** The data **
+ + + +

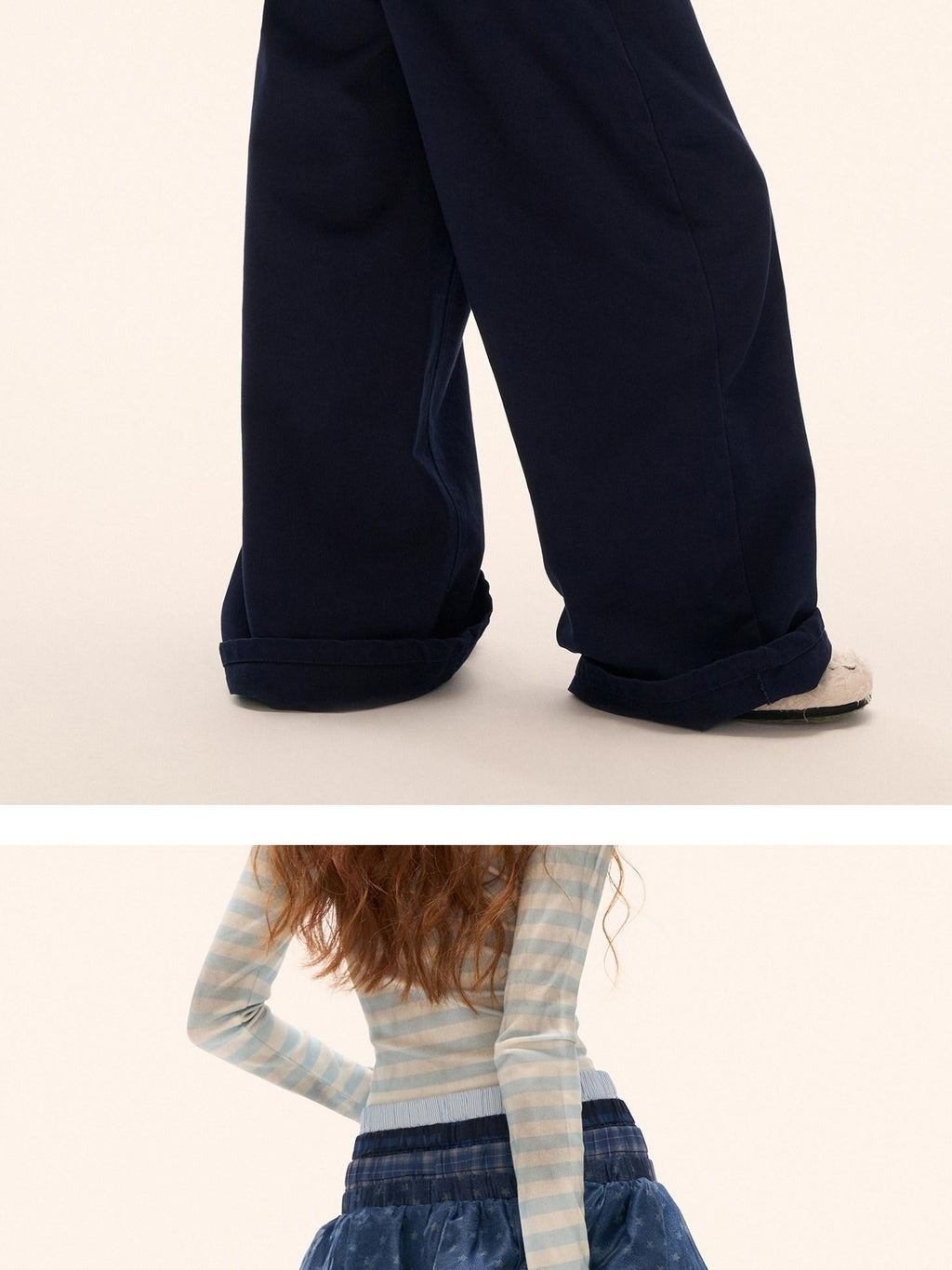 MAMC 100% Cotton Patchwork Relaxed Natural Waist Casual Womens Blue Wide Leg Pants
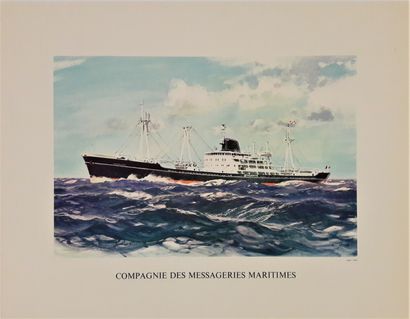 null Boat - Albert BRENET (1903-2005) " Compagnie des messageries maritimes ". Imp...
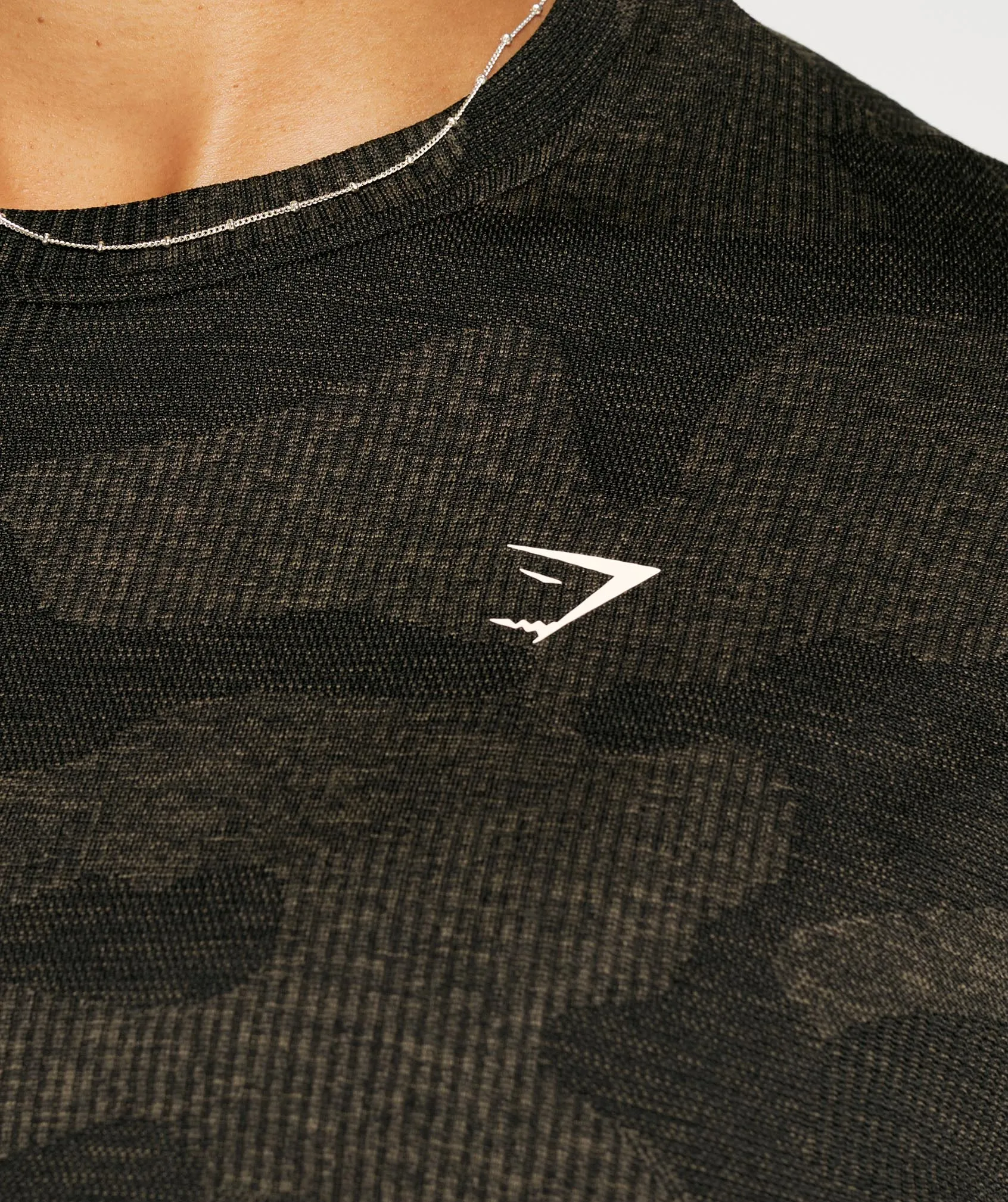 Gymshark Adapt Camo Seamless Ribbed Crop Top - Black/Camo Brown sold by Gymshark product image thumbnail 5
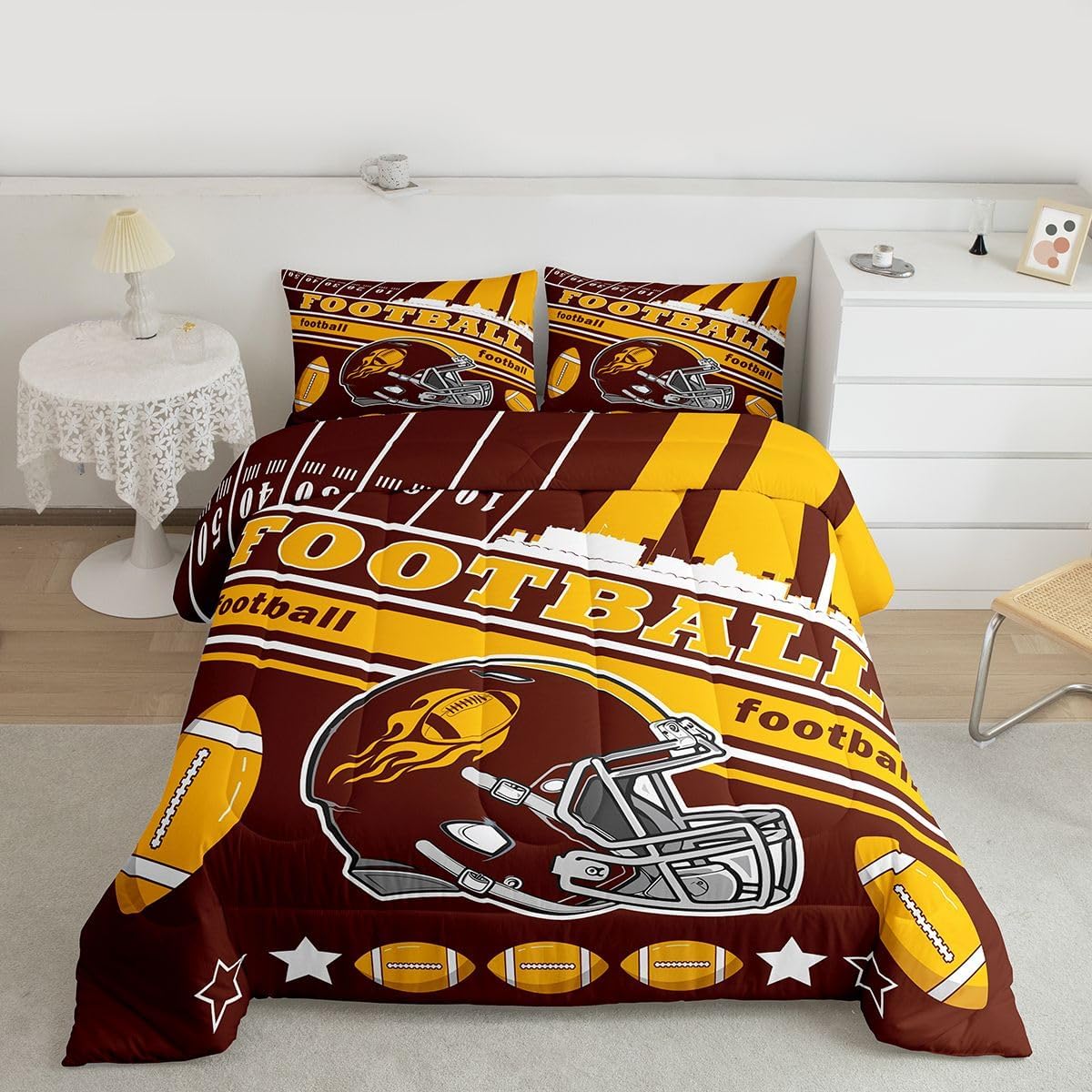 Feelyou Football Bedding Set Boys Girls Queen Size Rugby Sports Comforter Set Football City Duvet Women Men Gray Brown Yellow Decor - Image 2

+ + + +

** What you are asked to do **
Leaving all pictures aside, print exactly the lines from the one that contains "Gymshark Adapt Camo" through the last line of the data above, inclusive.

** Output of the task **
 Gymshark Adapt Camo Seamless Ribbed Crop Top - Black/Camo Brown sold by Gymshark product image thumbnail 5
 Feelyou Football Bedding Set Boys Girls Queen Size Rugby Sports Comforter Set Football City Duvet Women Men Gray Brown Yellow Decor - Image 2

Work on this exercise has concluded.